Question 1166005: 2tan^2x=3secx-3
Found 2 solutions by Theo, greenestamps:
Answer by Theo(13342)   (Show Source):
You can put this solution on YOUR website! your equation is 2 * tan^2(x) = 3 * sec(x) - 3.
tan^2(x) = sin^2(x) / cos^2(x).
since sin^2(x) + cos^2(x) = 1, you get:
sin^2(x) = 1 - cos^2(x).
therefore:
sin^2(x) / cos^2(x) = (1 - cos^2(x)) / cos^2(x).
this is equal to 1 / cos^2(x) - cos^2(x) / cos^2(x).
this is equal to 1 / cos^2(x) - 1.
this is equal to sec^2(x) - 1.
we have established that tan^2(x) is equal to sec^2(x) - 1
as a test to see if this is true, pick any angle between 0 and 90 degrees, but not 0 nor 90 degrees.
i picked 75 degrees.
my calculator is set to degrees.
tan^2(75) = tan(75)^2 = 13.92820323
sec^2(75) - 1 = sec(75)^2 - 1 = 1 / cos(75)^2 - 1 = 13.92820323.
they are equivalent.
therefore i can use sec^2(x) - 1 in place of tan^2(x).
back to the problem.
the problem states that 2 * tan^2(x) = 3 * sec(x) - 3
since tan^2(x) = sec^2(x) - 1, then 2 * tan^2(x) = 3 * sec(x) - 3 becomes:
2 * (sec^2(x) - 1) = 3 * sec(x) - 3
simplify this to get:
2 * sec^2(x) - 2 = 3 * sec(x) - 3
subtract sec(x) from both sides of the equation and add 3 to both sides of the equation to get:
2 * sec^2(x) - 2 - sec(x) + 3 = 0
combine like terms and order the terms in descending order of degree to get:
2 * sec^2(x) - sec(x) + 1 = 0
this is a quadratic equation that can be factored to get:
(2 * sec(x) - 1) * (sec(x) - 1) = 0
solve for sec(x) to get:
sec(x) = 1/2 or sec(x) = 1
since sec(x) = 1 / cos(x), then these equations become:
1 / cos(x) = 1/2 or 1 / cos(x) = 1
solve for cos(x) to get:
cos(x) = 2 or cos(x) = 1
cos(x) can't be greater than 1, so the only possible answer is sec(x) = 1
when sec(x) = 1, the angle is 0 degrees plus or minus k * 360 degrees, where k is a non-negative integer.
your solution is that x = 0 degrees plus or minus k * 360 degrees.
if you restrict the answer to between 0 and 360 degrees, than x will be either 0 or 360 degrees.

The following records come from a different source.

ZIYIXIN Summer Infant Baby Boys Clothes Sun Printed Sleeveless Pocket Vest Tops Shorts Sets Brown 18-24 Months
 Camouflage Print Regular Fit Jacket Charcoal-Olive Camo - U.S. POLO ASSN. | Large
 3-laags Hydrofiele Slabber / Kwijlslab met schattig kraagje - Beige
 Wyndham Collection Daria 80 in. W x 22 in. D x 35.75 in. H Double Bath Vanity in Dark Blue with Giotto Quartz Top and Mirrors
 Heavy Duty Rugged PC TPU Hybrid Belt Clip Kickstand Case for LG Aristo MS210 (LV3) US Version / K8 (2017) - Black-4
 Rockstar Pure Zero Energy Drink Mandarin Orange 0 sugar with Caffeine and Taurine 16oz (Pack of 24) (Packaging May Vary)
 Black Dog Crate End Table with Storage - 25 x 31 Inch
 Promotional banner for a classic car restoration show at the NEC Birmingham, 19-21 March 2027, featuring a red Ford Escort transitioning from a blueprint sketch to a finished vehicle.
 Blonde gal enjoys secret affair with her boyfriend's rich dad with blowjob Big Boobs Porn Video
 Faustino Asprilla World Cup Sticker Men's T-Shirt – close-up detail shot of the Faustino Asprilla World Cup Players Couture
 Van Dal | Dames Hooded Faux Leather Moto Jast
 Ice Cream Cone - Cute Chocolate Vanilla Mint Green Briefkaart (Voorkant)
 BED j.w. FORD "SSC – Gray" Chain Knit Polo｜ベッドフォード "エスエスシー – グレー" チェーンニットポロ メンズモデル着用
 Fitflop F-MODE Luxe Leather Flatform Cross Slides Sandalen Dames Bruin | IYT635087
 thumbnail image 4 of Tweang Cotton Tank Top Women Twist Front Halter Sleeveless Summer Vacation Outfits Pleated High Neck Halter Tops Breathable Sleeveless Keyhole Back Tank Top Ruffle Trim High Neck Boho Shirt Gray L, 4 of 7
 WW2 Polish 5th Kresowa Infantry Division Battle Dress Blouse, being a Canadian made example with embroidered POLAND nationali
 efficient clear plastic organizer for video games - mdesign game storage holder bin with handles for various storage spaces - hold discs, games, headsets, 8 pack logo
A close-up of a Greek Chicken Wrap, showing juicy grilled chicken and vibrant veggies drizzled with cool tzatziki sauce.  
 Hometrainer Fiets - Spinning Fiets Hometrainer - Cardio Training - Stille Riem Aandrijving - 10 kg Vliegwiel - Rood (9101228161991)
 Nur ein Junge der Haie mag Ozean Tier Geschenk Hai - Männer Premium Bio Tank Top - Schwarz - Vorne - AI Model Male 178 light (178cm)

the equation can be graphed as follows:
y = 2 * tan^2(x) is one equation.
y = sec(x) - 3 is another equation.
the intersection of these two equations will be your solution.
here's the graph showing the solution restricted to from 0 to 360 degrees.
here's the graph showing the solution going out to multiples of 360 degrees in both directions (not too many because then it becomes difficult to see).
i took the multiple 360 degree solution to plus or minus 1080 degrees.
that's enough to show you that the solution repeats endlessly in each direction.
your solution in the multiple 360 degree graph is
x = 0, 360, 720, 1080 and x = -360, -720, =1080 degrees.
in other words, the solution repeats every 360 degrees in either direction from 0.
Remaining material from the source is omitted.